Heroine begins to show promise but ultimately crashes and burns – 2.0/5.0
By: Nikhil Arora
Heroine is a film that will suffer from being a Madhur Bhandarkar film. Bhandarkar stopped being a filmmaker after Chandni Bar (2001). He became a charlatan with superficial exposes of various professions from journalism to fashion, this man claims to have seen it all. Now he decides to tackle another one, which you may think he would know a lot about: the film industry. Sadly, the stuff he knows is hard to call insightful, can be counted on your fingers and pointed out in every film of his. The fact that our industry and audience considers him a filmmaker is a mystery to me. His films show utter lack of talent, a man who relies on manipulative sensationalism and this time he is given more money to make trash.

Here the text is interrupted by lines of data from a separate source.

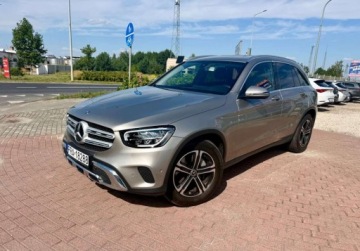 Mercedes GLC C253 SUV Facelifting 2.0 200d 163KM 2020 Mercedes-Benz GLC 2.0Cdi SALON PL 4-matic 40.000 km 2.0 Diesel 163KM, zdjęcie 25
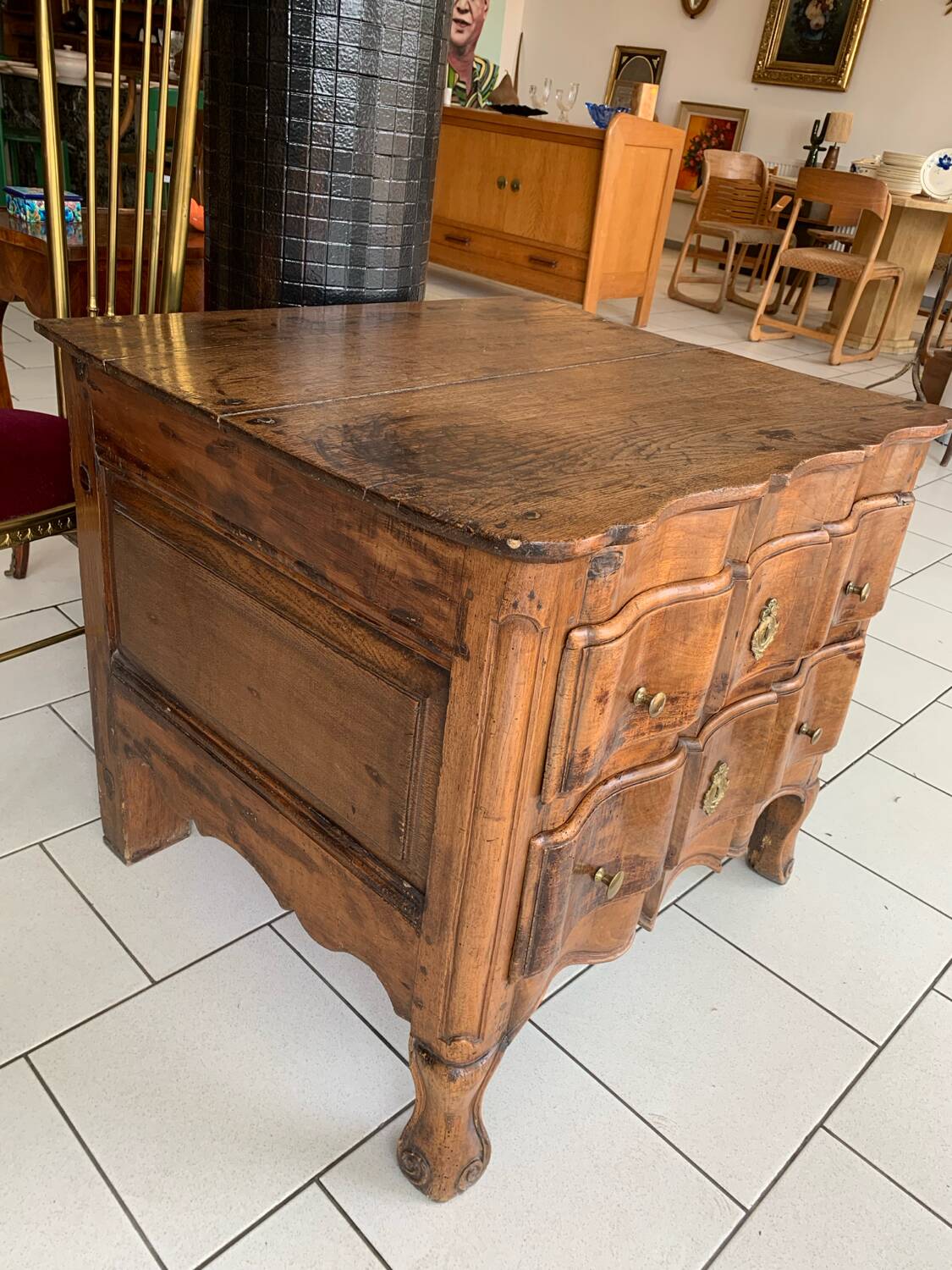 Antique 18th century chest of drawers
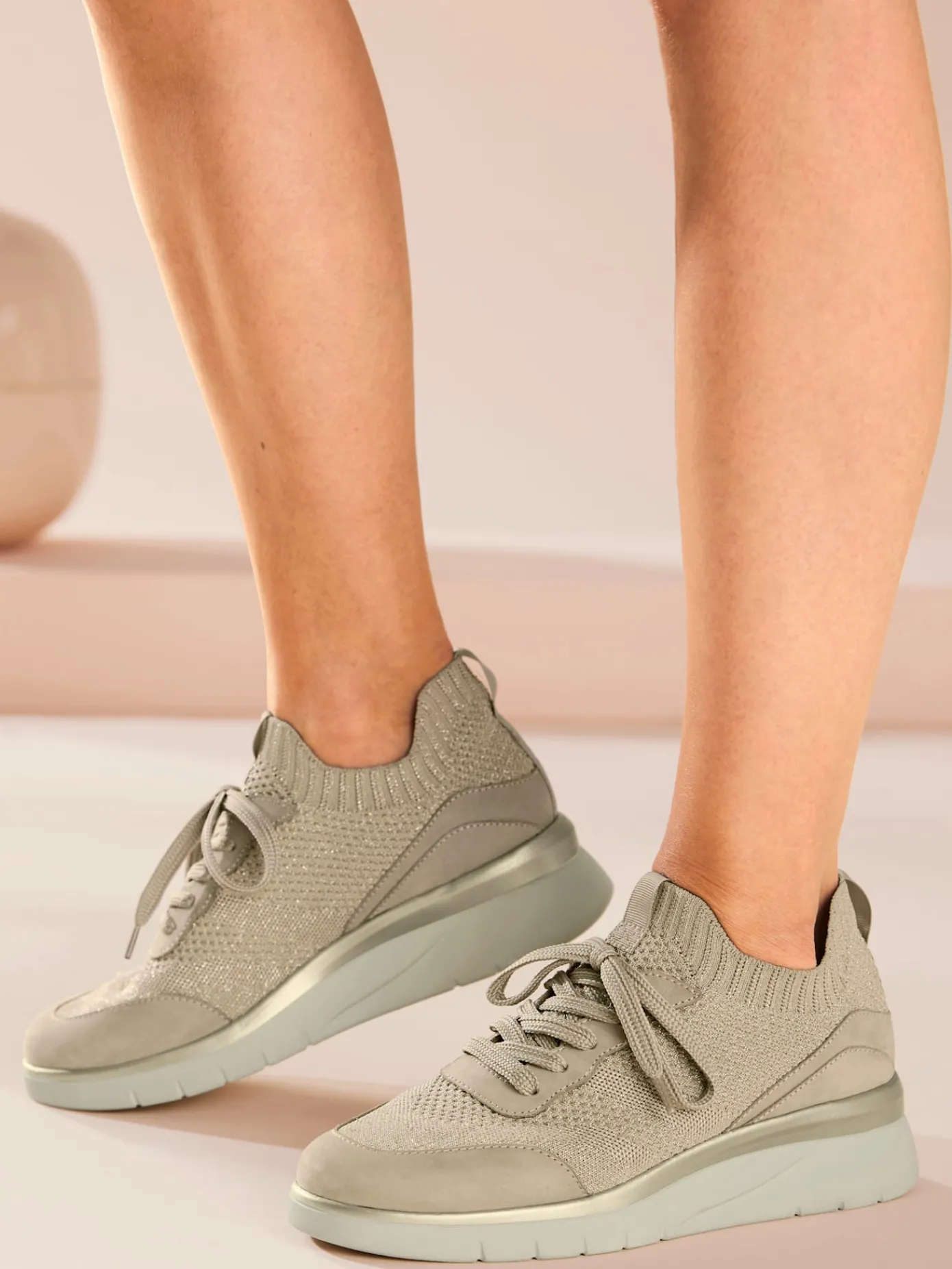 Baskets<Baskets tricot extensible avec fil fantaisie doré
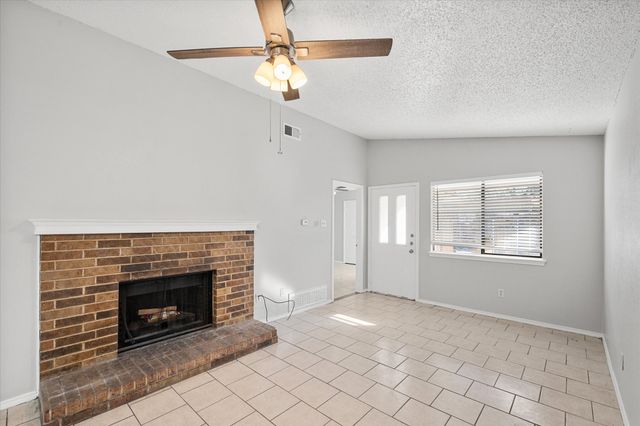 5821 Mansfield Road, Arlington, TX 76017
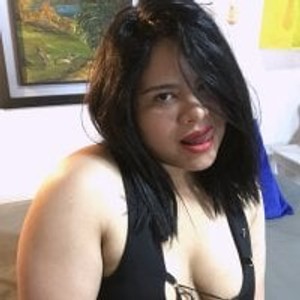 stripchat golden_ttania webcam profile pic via pornos.live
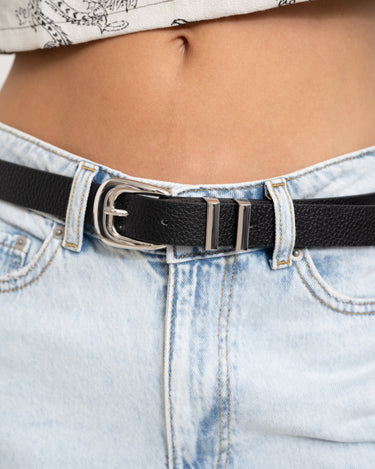 Dune Belt Silver Buckle Black - Things I Like Things I Love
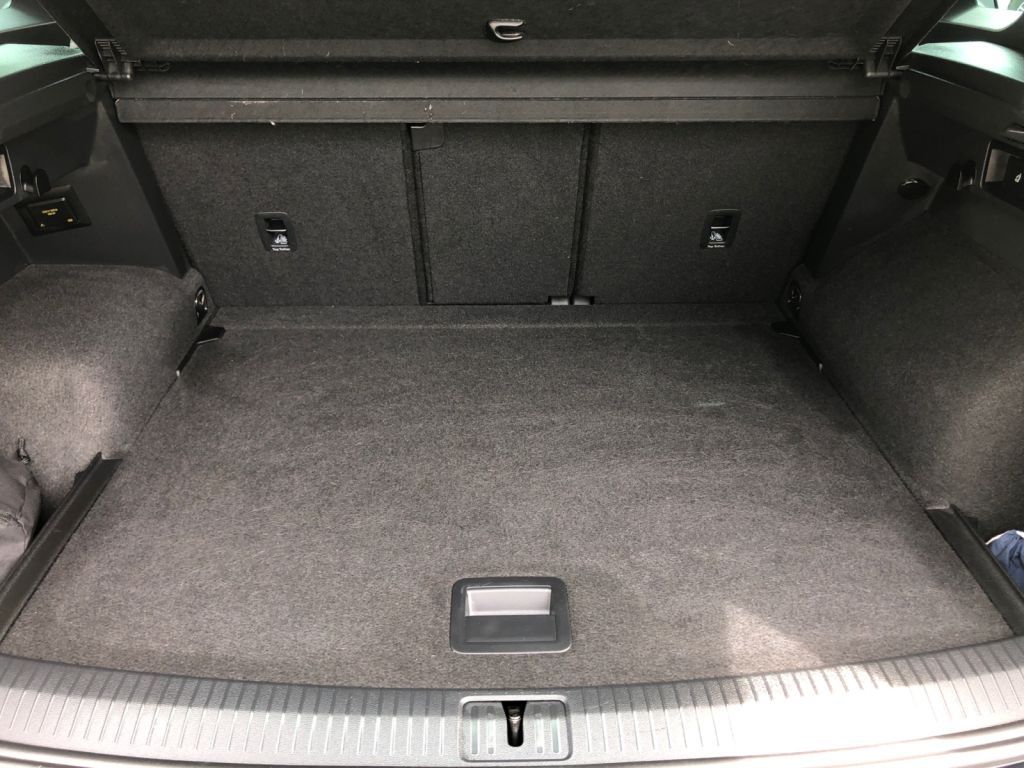 Fahrzeugabbildung Volkswagen Tiguan 1.5 TSI DSG Life AHZV NAVI Standheizung R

The film begins with Mahi Arora (Kareena Kapoor) being thrown out of a car, with gothic tears on her face, she says the word “bastard” and begins to smoke. You know you’re in the painfully torturous world of Bhandarkar’s cinema. The next half an hour is on autopilot. Aryan (Arjun Rampal) is a womanizing superstar. He isn’t in love with Mahi but never admits it to her.
I was prepared to watch another film of his which annoys and disturbs my intellect. His portrayal of women is extremely shallow, with the men being even more so. But then I saw a character, which IS shallow. Now, that’s interesting. I started finding Bhandarkar trying to break his mold, beginning to crack open the shell.The story isn’t a replica of his previous films. It isn’t a small town girl who comes to the big city and gets possessed by the demons of alcohol, cigarettes and drugs. Oh yes, if you don’t know already Mr. Bhandarkar says these are vices for any girl. He also looks down on homosexuality; this time there is also bisexuality. It isn’t just foolish, but also heavily shameful.

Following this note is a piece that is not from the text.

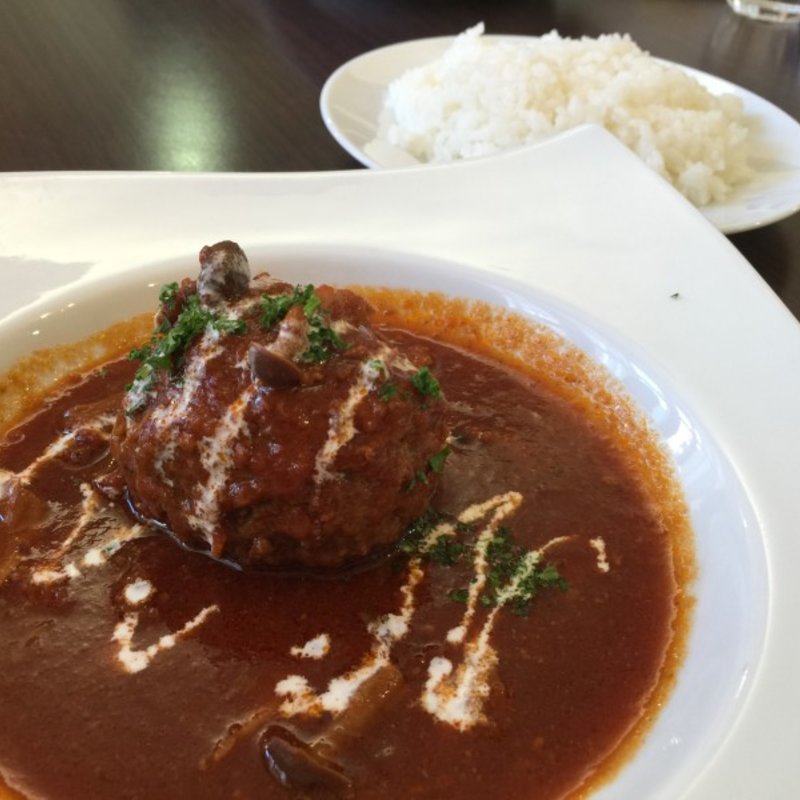 トマト煮込みハンバーグ(BULLの実 （ブルノミ）)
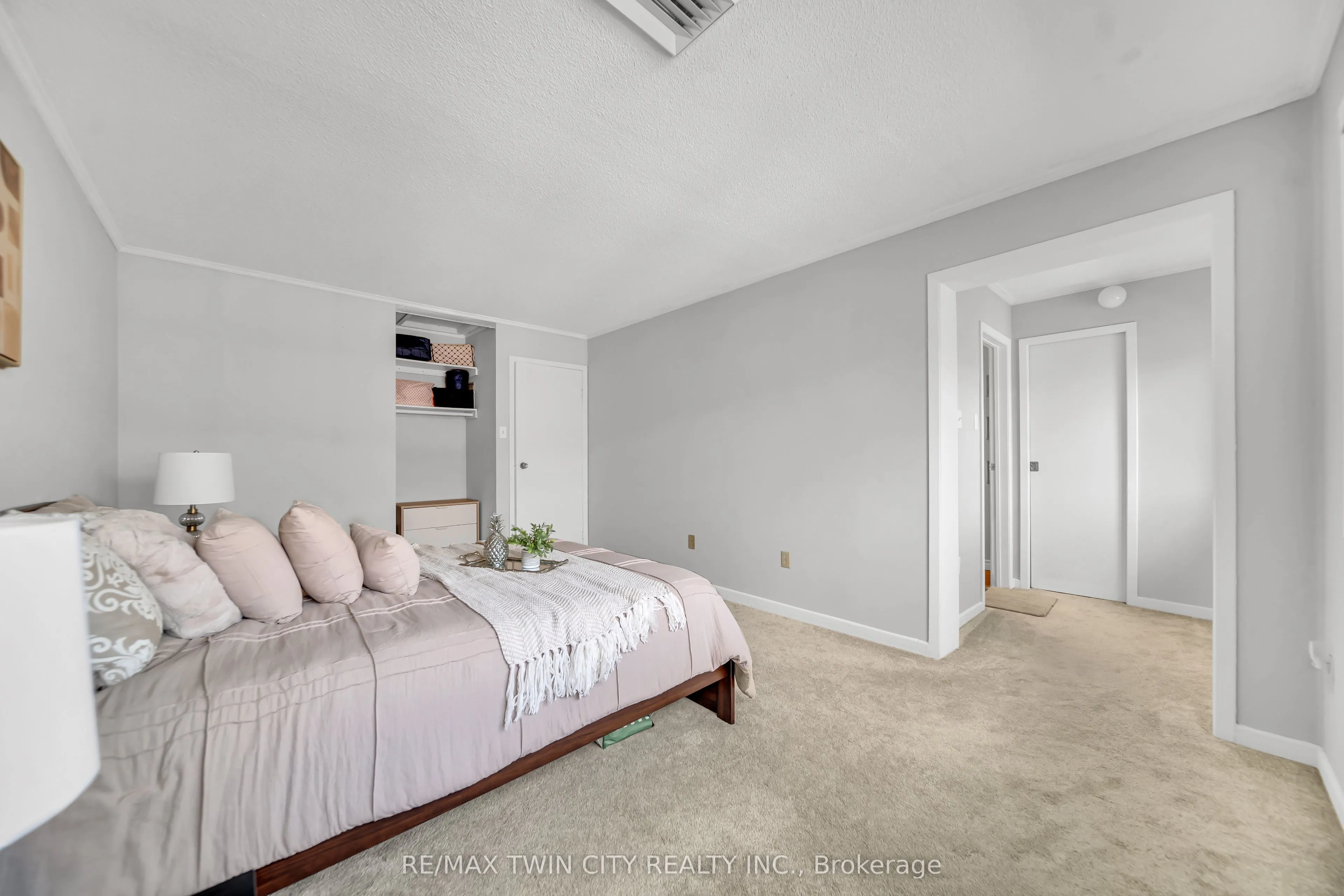 121 University Avenue E, #101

Whenever Heroine starts to become a good film, it quickly manages to become a bad one. Take for example a sub-plot involving an art-house filmmaker and Mahi’s confrontation with real acting. She also begins to find a friend. The conclusion of this strand of the plot is such a major cop-out as it falls under the curse of being a film by Madhur Bhandarkar. It wants to be a character study but it begins to falter as when it can’t handle the weight of it. A character that can’t differentiate between her personal life and her professional life. But when Aryan also gets advice from someone that he should learn how to differentiate between the two, it becomes a film with bogus ideas and incessant stereotyping of an entire field of work. This could have been a very good film about a girl who is hopelessly lost and has no idea how to redeem herself. If only it wasn’t stuck in Bhandarkar’s limited and idiotic vision. Not to mention, characters who frequently say “bastard” and “babes”.

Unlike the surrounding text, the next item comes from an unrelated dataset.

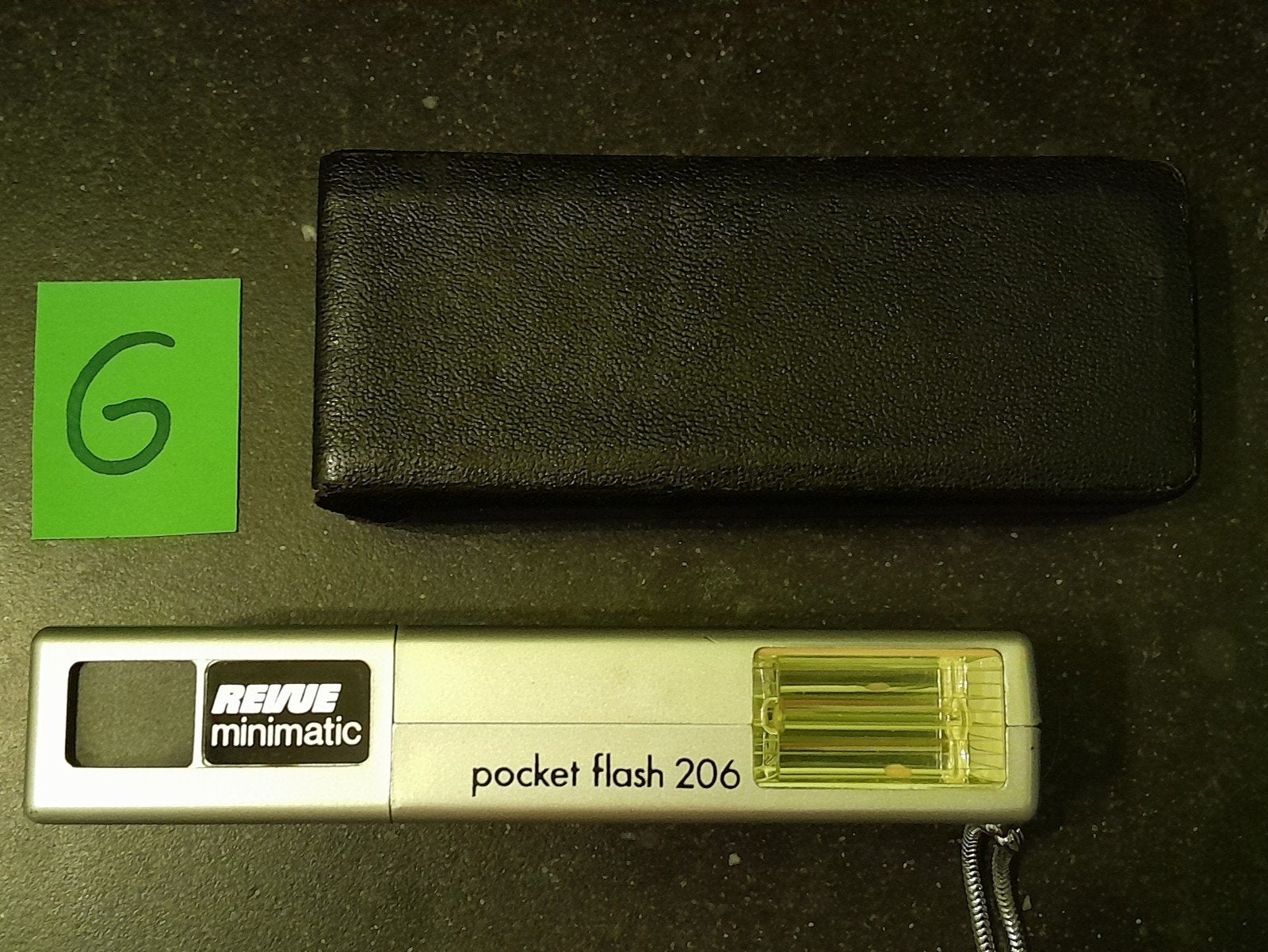Revue Minimatic Pocket Flash 206 ~ fotografie boeken ea, Verzamelen, Ophalen of Verzenden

I have always adored Kareena Kapoor. I empathized with her character mainly because she plays it. There is absolutely no harm in casting a star, a likable face to play a character which is unlikable. The part where I was really beginning to appreciate the film was when her character becomes repulsive. Priyanka Chopra’s character in Fashion (2008) had the audience rooting for her, Mahi on the other hand won’t find many takers. This is exactly why I did not hate the film. Realistically, India is not a country which embraces anti-heroes on screen. An anti-heroine is a long shot. When have seen films like The Dirty Picture, Fashion and even Raaz 3, where the women aren’t exactly goddesses. But even those characters had some way of redeeming themselves, in death or in turning over a new leaf. Most importantly those films had masala and were entertaining. Bhandarkar always resorted to masala as cover. His cover will finally be blown; it’s unfortunate that it will be done with this film and not Fashion. Heroine isn’t entertaining and the redemption is hollow and that’s probably the reason why the film would get bad word of mouth.
I may begin to sound like I like the film and if I did I would defend it by having an argument but I don’t. I like that the film doesn’t follow the run-of-the-mill trajectory of fame and then downfall. The film is largely about her downfall and I admit that I felt for Mahi in parts. Funny that the film has a scene with the poster of Citizen Kane (1941) in the background. A film considered an all time greatest. A film with an unlikable character and the people who knew him talking about who he was after he is dead. Funny that Heroine has three characters talking to the camera about the protagonist but here it looks like spoon-feeding where we are treated as gullible bait. Funny that Heroine strives for such high ambition but has nothing to show for it. In the hands of a gifted filmmaker, this would be a compelling watch. In the hands of a hack, it is an embarrassing debacle.